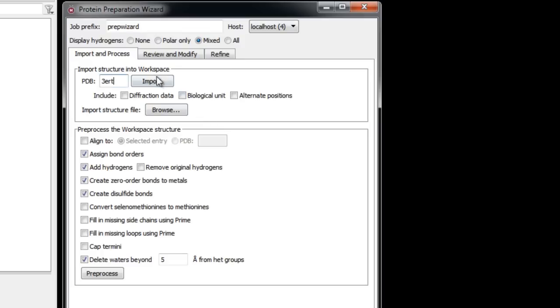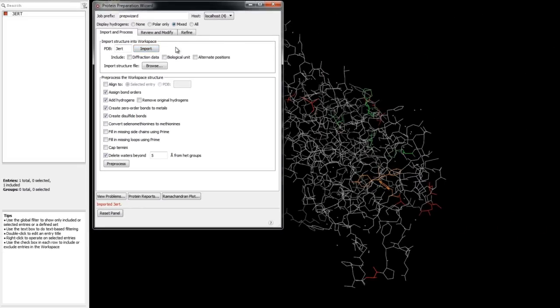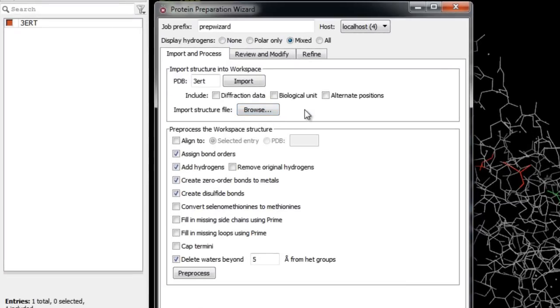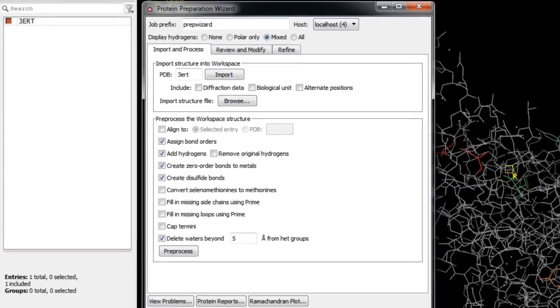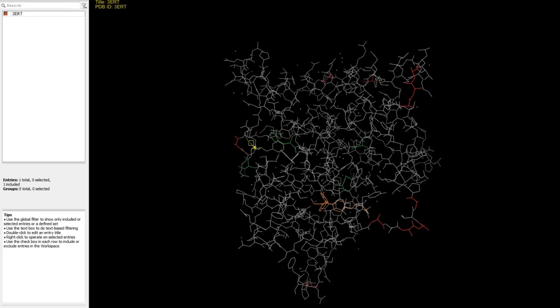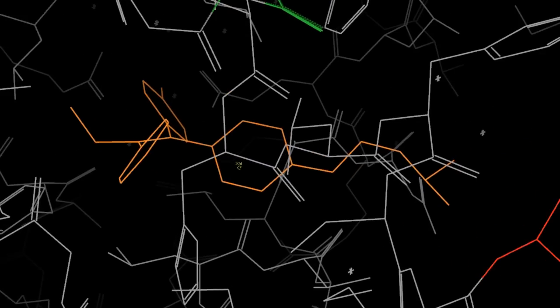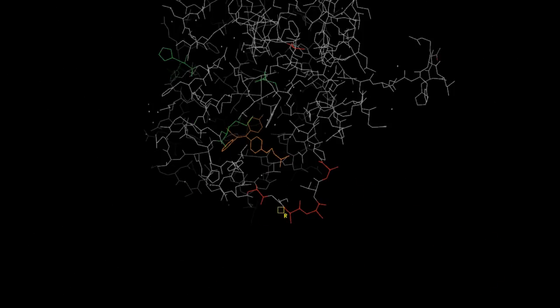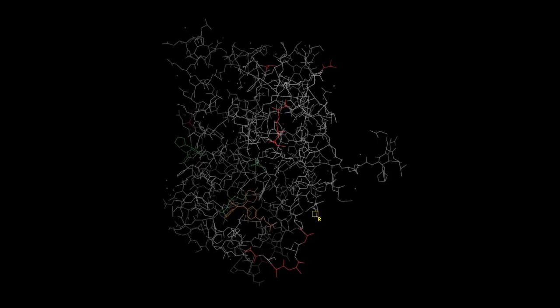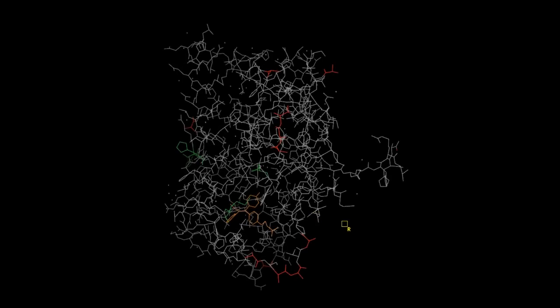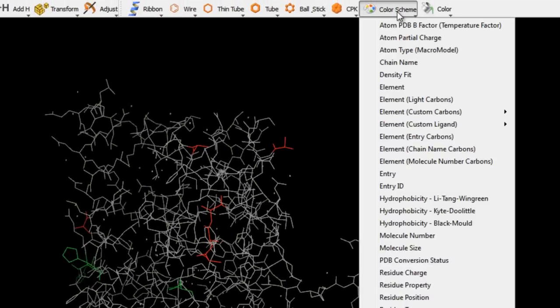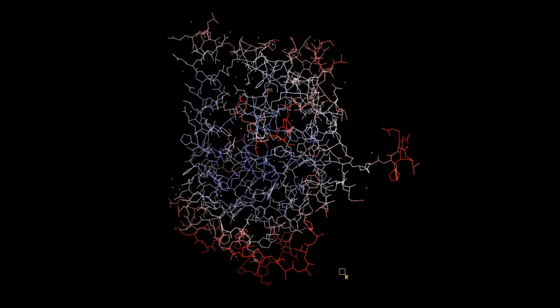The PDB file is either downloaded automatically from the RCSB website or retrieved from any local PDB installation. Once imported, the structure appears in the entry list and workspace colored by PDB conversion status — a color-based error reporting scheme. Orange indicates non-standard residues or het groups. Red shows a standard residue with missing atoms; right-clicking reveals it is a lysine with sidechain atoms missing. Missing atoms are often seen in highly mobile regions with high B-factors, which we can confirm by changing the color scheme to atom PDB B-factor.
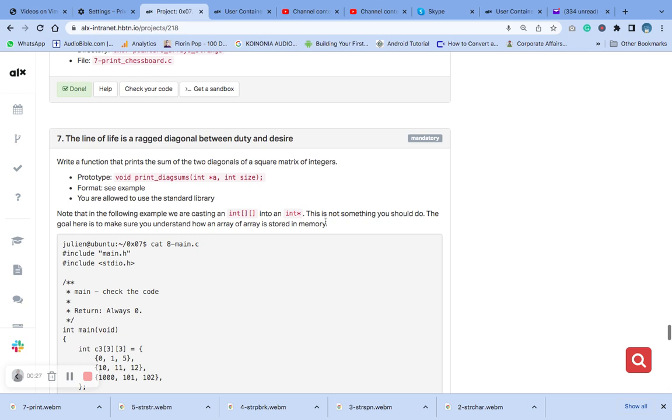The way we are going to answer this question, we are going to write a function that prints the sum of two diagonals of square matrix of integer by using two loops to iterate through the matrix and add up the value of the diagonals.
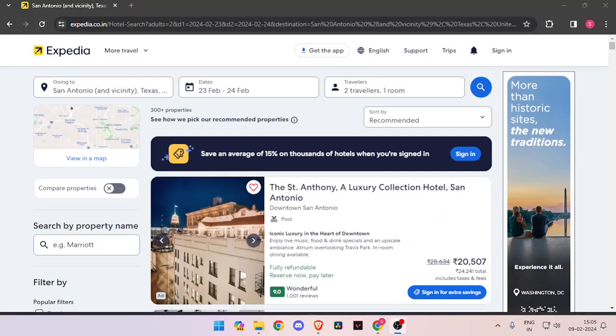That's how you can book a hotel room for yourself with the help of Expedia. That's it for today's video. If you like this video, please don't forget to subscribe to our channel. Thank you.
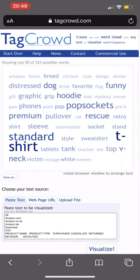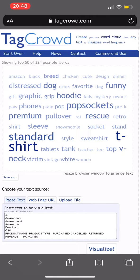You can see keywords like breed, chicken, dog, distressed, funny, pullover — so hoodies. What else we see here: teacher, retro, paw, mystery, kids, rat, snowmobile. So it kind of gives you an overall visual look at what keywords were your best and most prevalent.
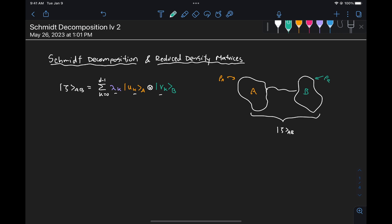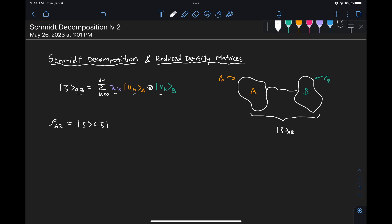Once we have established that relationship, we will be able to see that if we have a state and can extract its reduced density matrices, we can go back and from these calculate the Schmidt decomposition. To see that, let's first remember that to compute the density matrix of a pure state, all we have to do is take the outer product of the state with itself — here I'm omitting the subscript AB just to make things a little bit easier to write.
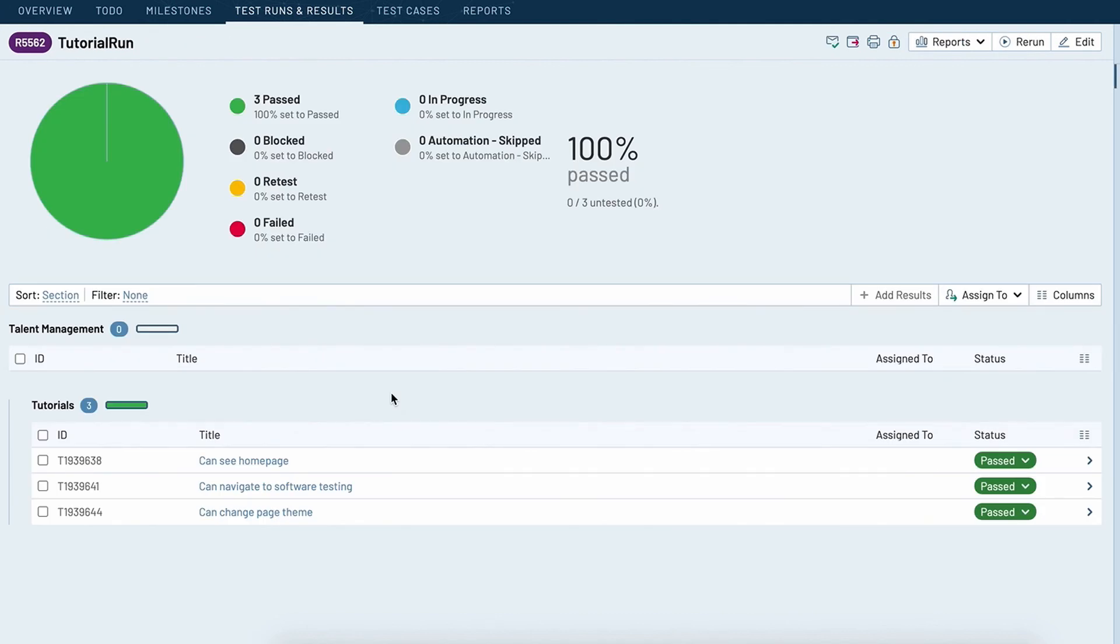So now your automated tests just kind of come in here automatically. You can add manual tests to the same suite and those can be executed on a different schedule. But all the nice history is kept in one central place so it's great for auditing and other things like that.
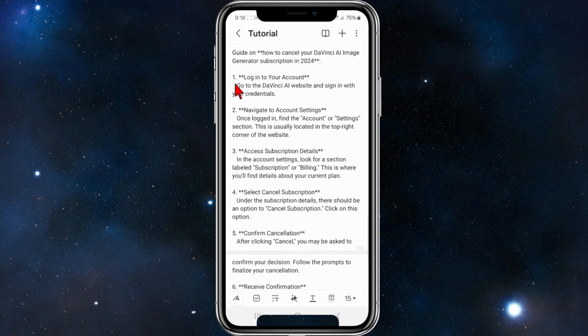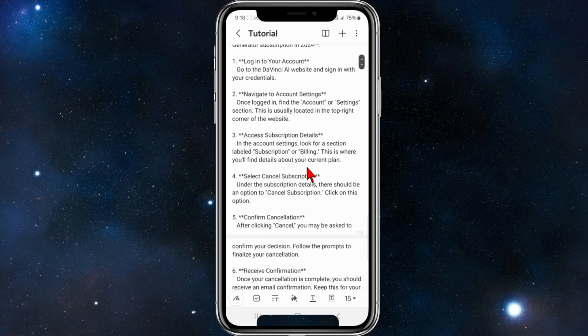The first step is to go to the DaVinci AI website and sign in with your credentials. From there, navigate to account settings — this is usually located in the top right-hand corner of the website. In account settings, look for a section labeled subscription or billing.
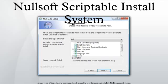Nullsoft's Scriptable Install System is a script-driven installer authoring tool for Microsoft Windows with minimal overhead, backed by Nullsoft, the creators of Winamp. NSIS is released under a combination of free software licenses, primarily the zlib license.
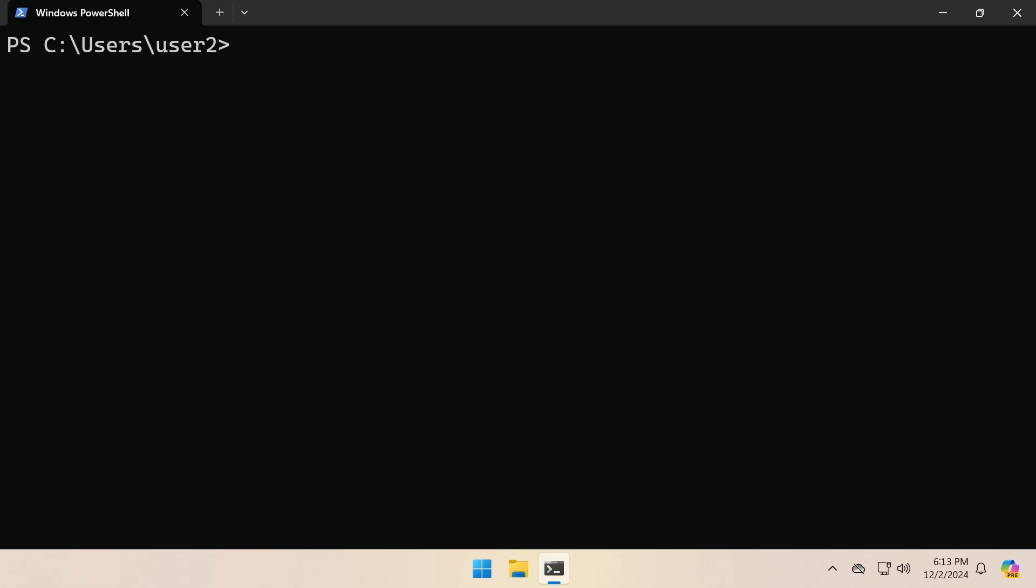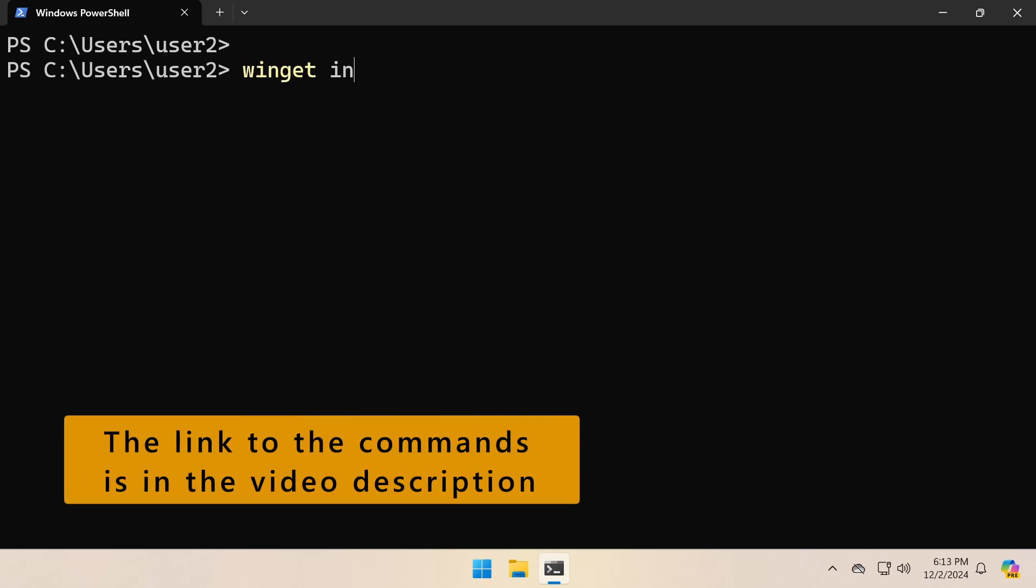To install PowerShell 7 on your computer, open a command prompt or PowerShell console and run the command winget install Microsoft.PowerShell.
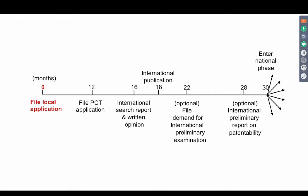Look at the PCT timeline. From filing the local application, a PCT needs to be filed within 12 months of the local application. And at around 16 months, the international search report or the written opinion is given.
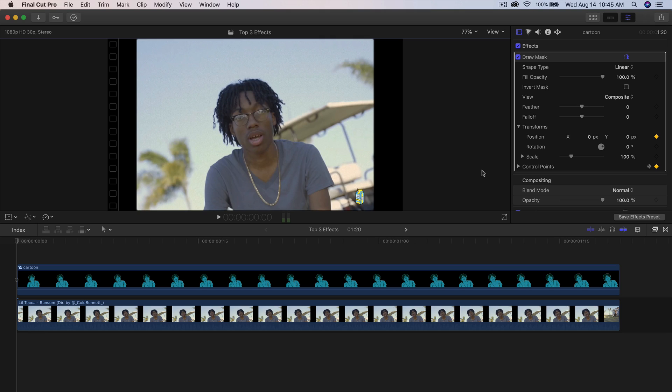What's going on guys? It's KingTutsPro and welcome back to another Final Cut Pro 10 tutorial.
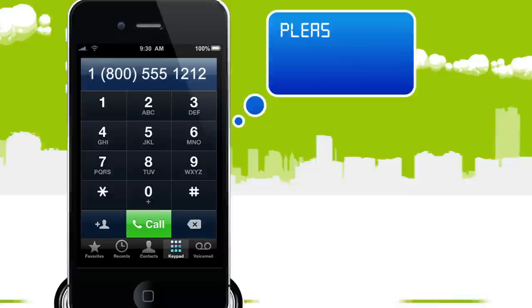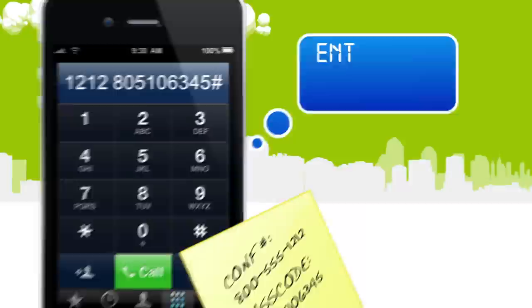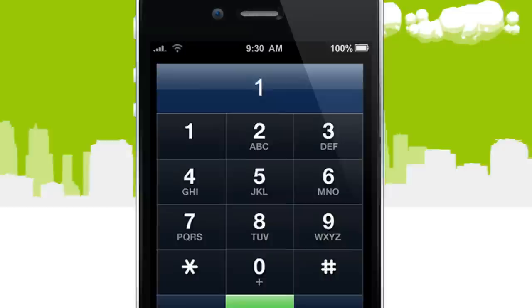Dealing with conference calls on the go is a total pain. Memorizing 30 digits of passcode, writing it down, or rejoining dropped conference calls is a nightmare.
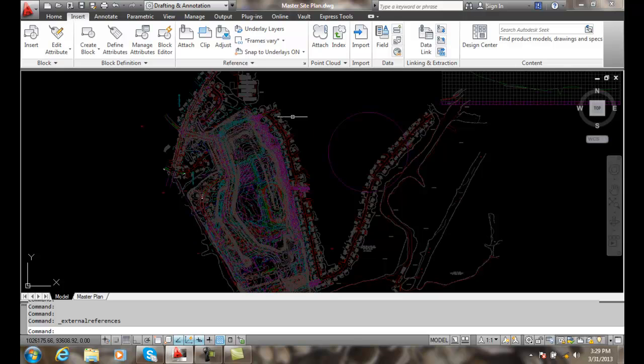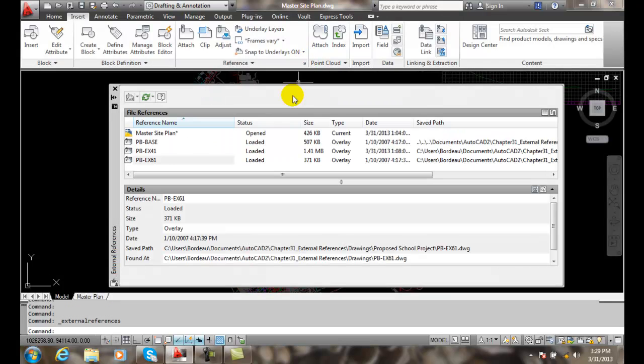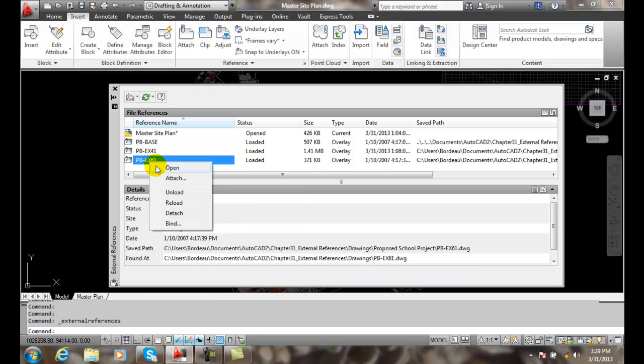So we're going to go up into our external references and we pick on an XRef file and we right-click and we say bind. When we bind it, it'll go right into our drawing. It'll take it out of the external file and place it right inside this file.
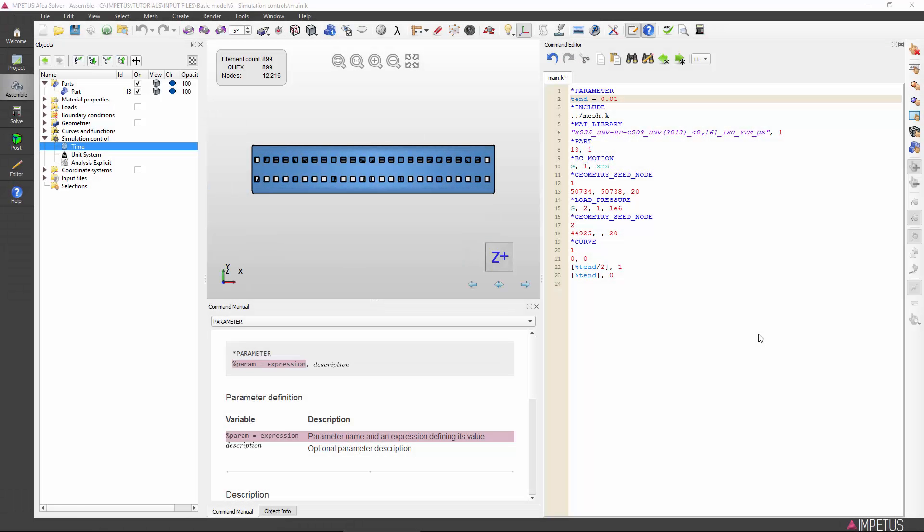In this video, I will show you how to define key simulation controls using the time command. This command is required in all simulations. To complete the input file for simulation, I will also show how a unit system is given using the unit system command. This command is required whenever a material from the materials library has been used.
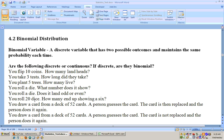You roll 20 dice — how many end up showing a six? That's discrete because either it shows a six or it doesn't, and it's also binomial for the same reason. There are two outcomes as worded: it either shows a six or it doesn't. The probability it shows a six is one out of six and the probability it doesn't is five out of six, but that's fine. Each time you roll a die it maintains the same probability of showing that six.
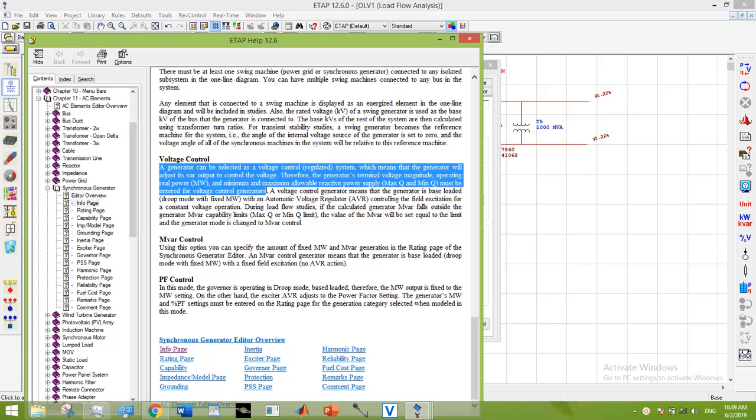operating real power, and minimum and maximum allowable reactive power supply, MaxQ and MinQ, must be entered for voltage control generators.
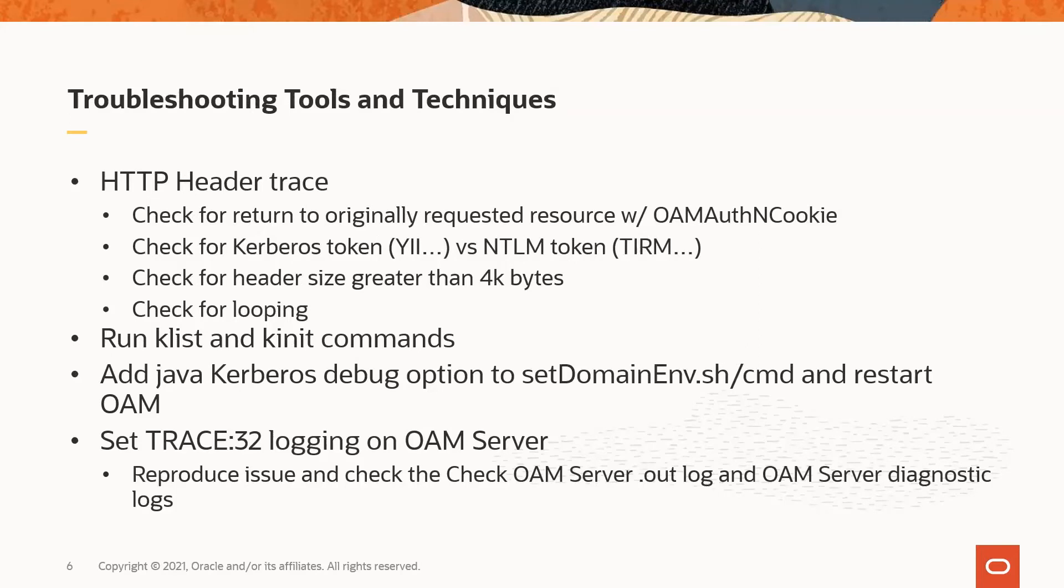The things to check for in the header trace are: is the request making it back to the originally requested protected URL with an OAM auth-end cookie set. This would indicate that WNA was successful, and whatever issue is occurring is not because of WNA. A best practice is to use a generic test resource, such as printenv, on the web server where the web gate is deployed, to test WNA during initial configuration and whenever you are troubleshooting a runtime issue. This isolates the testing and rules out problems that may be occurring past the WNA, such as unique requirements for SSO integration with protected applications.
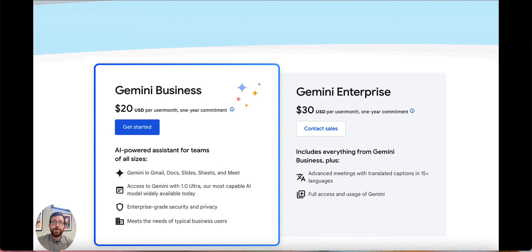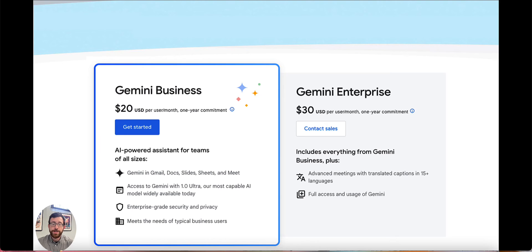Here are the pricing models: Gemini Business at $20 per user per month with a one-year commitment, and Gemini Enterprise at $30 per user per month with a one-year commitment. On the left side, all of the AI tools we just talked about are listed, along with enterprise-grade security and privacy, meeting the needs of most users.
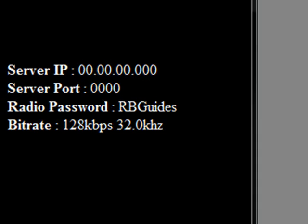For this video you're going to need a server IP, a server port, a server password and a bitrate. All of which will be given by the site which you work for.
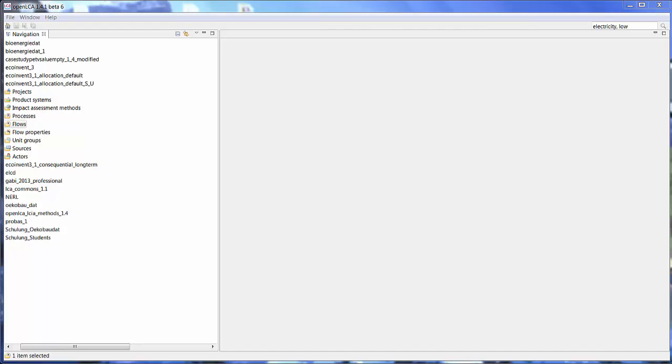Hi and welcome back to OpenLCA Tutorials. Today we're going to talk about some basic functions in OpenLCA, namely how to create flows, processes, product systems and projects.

* EXERCISE
Could you write out exactly the lines of the data above that run from the one holding "Once we have" to the one holding "So now your", with both ends in and all pictures out?

* RESPONSE BOX
Once we have established that relationship, we will be able to see that if we have a state and can extract its reduced density matrices, we can go back and from these calculate the Schmidt decomposition. To see that, let's first remember that to compute the density matrix of a pure state, all we have to do is take the outer product of the state with itself — here I'm omitting the subscript AB just to make things a little bit easier to write.
So now your automated tests just kind of come in here automatically. You can add manual tests to the same suite and those can be executed on a different schedule. But all the nice history is kept in one central place so it's great for auditing and other things like that.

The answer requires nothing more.